Combating Racism – Setting Your New Year’s Resolutions

“Very few people will ever do great things, but all of us can do small things in a great way.”

~ Mother Teresa

Hopefulness is the driving force behind every great endeavor. Because it allows us to envision positive outcomes, it can help focus our energies on generating beneficial effects.

While there has been some cause for optimism since George Floyd’s murder galvanized a renewed racial justice movement, there is still much work to be done to combat the systemic racism that has plagued our country for centuries.

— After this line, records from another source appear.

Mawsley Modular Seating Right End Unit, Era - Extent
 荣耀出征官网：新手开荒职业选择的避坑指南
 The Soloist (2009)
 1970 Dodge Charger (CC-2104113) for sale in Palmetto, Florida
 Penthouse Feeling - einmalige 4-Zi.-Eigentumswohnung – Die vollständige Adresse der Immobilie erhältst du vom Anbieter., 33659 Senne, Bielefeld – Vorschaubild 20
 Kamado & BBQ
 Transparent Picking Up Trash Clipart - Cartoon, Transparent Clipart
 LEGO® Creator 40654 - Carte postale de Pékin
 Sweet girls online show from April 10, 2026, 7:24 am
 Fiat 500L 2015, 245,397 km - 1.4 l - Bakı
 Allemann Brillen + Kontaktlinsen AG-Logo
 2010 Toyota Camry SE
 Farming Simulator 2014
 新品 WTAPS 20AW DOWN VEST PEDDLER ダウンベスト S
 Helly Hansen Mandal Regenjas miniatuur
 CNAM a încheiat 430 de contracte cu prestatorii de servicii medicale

As you think about your resolutions for the new year, I ask you to consider making any one (or more) of the following a part of your new year’s resolutions:

  1. Read one book about racism or the history of Black Americans. A list is included in my newsletter of October 18, 2020.
  2. Teach your children. Point out and condemn racism, brutality and indifference to suffering wherever you see it. Discuss these issues honestly and openly. Read a book about racism or the history of Black Americans to a child. Lists of resources to teach your children about racism and the history of Black Americans are included in my newsletters of October 4, 2020 and January 3, 2021.
  3. Read or forward one or more of my newsletters to someone you know to educate them on issues related to racism.
  4. Test yourself for hidden biases. Take this test developed by Harvard University.
  5. Learn about your local elected officials. Many local state and federal officials will be up for election or re-election in the fall of 2022. Find out where your state and local candidates stand on erasing racist policies and policies that disadvantage people of color. Attend town halls, candidate meet-and-greets, etc. and ask political candidates about their positions. Study their platforms. Read their websites. Listen to their speeches. Ask questions.
  6. Contribute to organizations working for racial equality and equity. A list of organizations is included in my newsletter of July 12, 2020.  In addition, consider making a donation to the Equal Justice Initiative or the Southern Poverty Law Center.
  7. Engage in an open-hearted and open-minded conversation with friends, colleagues or neighbors of races other than your own. Communicate with empathy. For guidance on initiating uncomfortable conversations, see my newsletters of July 26, 2020 and August 30, 2020.
  8. Encourage your school boards to create diversity action plans, to introduce more books by people of color, to hire more teachers of color, and to overhaul curricula to include a more inclusive view of our history. Ensure that schools have policies and practices that foster respect, recognition, and inclusion of diverse cultures and languages.
  9. Vote for school board representatives who will work to reduce the educational disparities between White and Black students.
  10. Support Black businesses. You can find lists of them at any of the following sites: The Black Wallet, The Official Black Wall Street, New York Magazine, Etsy. In addition, Yelp has a feature to search for Black owned businesses, restaurants and nail and hair salons by location. Another helpful article to find Black owned businesses can be found here.
  11. Call or write your federal legislators to support criminal justice reform bills, including the Smarter Sentencing Act (S 2850), the Justice Safety Valve Act (S. 399, H.R. 1097), and the Second Look Act and to support state-wide criminal justice reforms, such as reducing mandatory minimum sentences, reducing sentences for non-violent drug crimes, passing alternatives to incarceration, etc. Use these links to find the contact information for your Congress persons and Senators.
  12. Write to, call, or email to your state legislators to end cash bail.
  13. Speak out when another’s rights are at risk or under attack.
  14. Eradicate hate. Good people need to stand up to promote tolerance and inclusion. Specific suggestions are included in my newsletter of January 24, 2021.
  15. Visit a Black History or Civil Rights Museum.
  16. Donate to an HBCU. The U.S. Department of Education identifies 107 Historically Black Colleges and Universities in the United States. You can find a list of these colleges and universities in alphabetical order and listed by state on the Hundred-seven HBCU Listing here.
  17. Call out racism and prejudice in your community. This includes, but is not limited to, standing up in a county council or city council meeting, writing letters to the editor of your local newspaper, and refusing to listen to or partake in racist jokes or jokes that disparage any other group of people.
  18. Help combat the homeless crisis that has escalated during the COVID-19 pandemic and which has disproportionately impacted people of color. Specific actions you can take are listed in my newsletters of March 7, 2021, September 19, 2021, and September 26, 2021.
  19. Make a list of actions you can take to demonstrate the courage to make a difference.
  20. Garner your courage and stand up against injustice. For suggestions, see my first newsletter.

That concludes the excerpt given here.